During this operation, great care must be taken that the fire does not scorch the flowers; but that it be as constant and gentle as may be, which will be a sure way to bring the flower cake to a good colour.

But it will not be improper for any person, who shall under take the curing of this colour, to consult the methods of curing faffron, of which they may be inform’d, either by a treatise of the method of curing saffron, written by Dr. Dowglass, or another by Mr. Bradley in his monthly treatise of husbandry and gardening.

If it should be objected, that it will be troublesome to make this BLUE COLOUR; let it be confidered what pains and nicety there is in gathering and curing of saffron; which is fometimes sold at thirty shillings per pound, and seldom comes up to three pounds per pound. But this Blue, if it comes up to the colour of ultramarine, will be worth four or five pounds er ounce, especially when it stains so well as this does.

Therefore it would, in all probability, be worth the while to have a piece of ground on purpose for this use, where nothing else but this cyanus or corn-bottle should be sown; and whereas this flower is said to be plentiful enough in the fields between Twickenham and Teddington in Middlesex, so there might easily be seed enough procured for that purpose in half an hour's time to sow an hundred acres.

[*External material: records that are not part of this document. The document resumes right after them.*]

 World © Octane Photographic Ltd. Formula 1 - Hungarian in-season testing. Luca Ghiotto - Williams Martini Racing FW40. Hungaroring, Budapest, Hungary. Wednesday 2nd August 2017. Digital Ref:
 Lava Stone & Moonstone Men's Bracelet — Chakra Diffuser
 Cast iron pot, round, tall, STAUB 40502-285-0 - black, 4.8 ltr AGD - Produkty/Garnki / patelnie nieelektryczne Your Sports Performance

As to the manner of cultivating this plant, every knob or head of seed must be opened before it is sown, for each head contains a great number of seeds; as for the preparing of the ground to receive this seed, there need to be no more trouble and expence than common plowing requires; which being done, the seed is to be sown either at the latter end of August, which will come up soon enough to stand the winter, and blossom parly the May following; or else it may be sown at the end of March, and it will begin flowering the june following.

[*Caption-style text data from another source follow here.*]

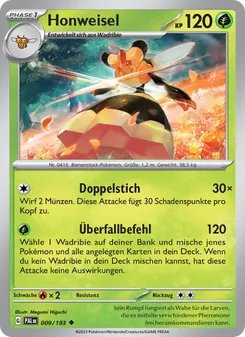 Honweisel, Karte 009 aus Entwicklungen in Paldea
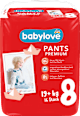 Premium pelene gaćice vel. 8 (19+ kg) babylove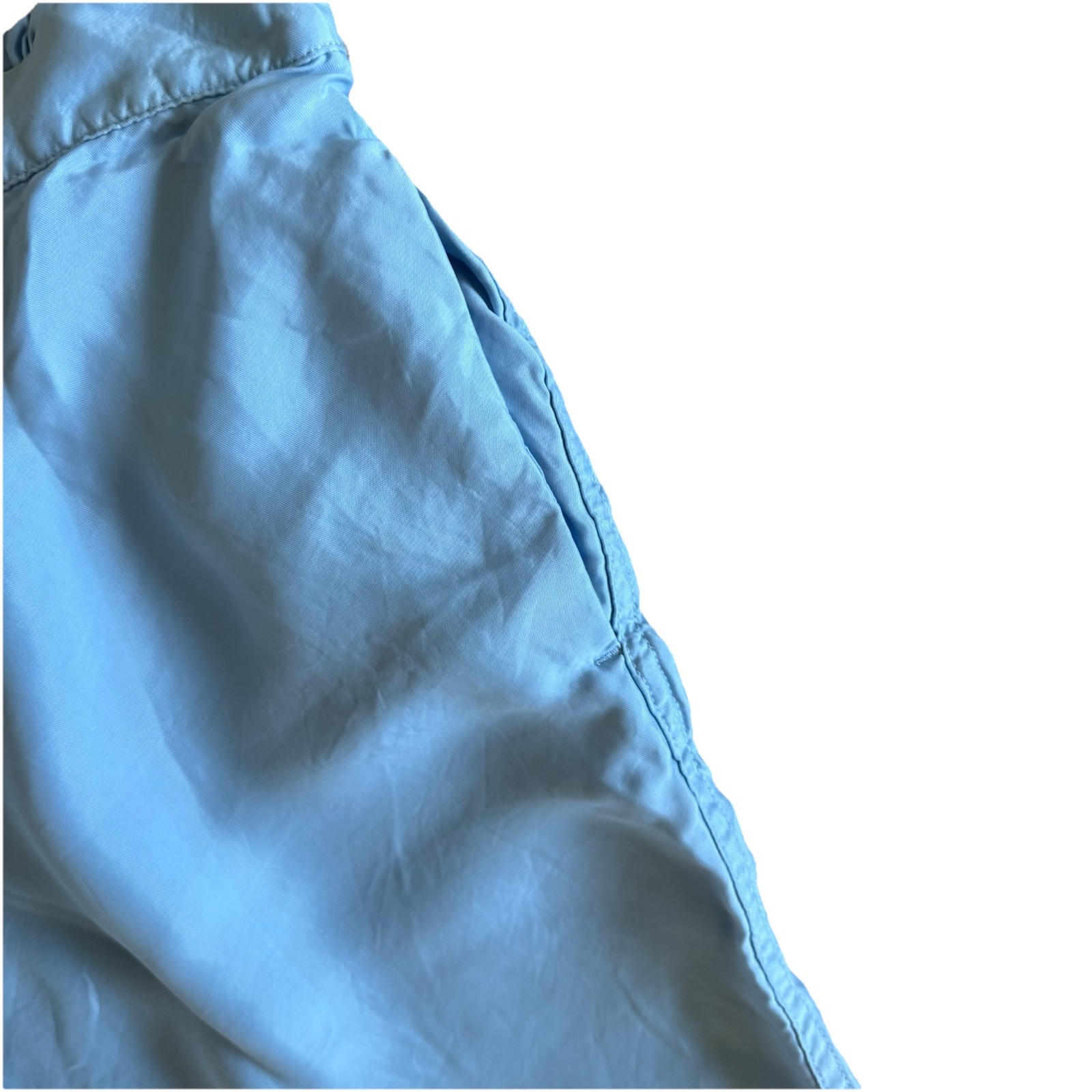 Athleta Calm Cool Wide Leg Lounge Pants Womens L Light Blue Comfort Elastic Wais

At either of these seasons, after the ground has been well plough'd, harrow it in with bushes, and it will come up in a little time.

As to the choice of this seed, it will be necessary that it be gathered only in such fields, where you are sure there grows no corn-bottles of any other colour but blue; and then all the plants which rise from such seed, would produce Blue; but if they should be gathered in such places where there are varieties of them, then various sorts are to be expected, as white, red, or purple, altho' we are sure we gather the seed from such as were truly of a blue sort; for if there is a red flower of the same tribe growing near it, the difference of the colour will be so in termixt between both, that the seed of both will bring a variety from the principal, depending on the colours of both.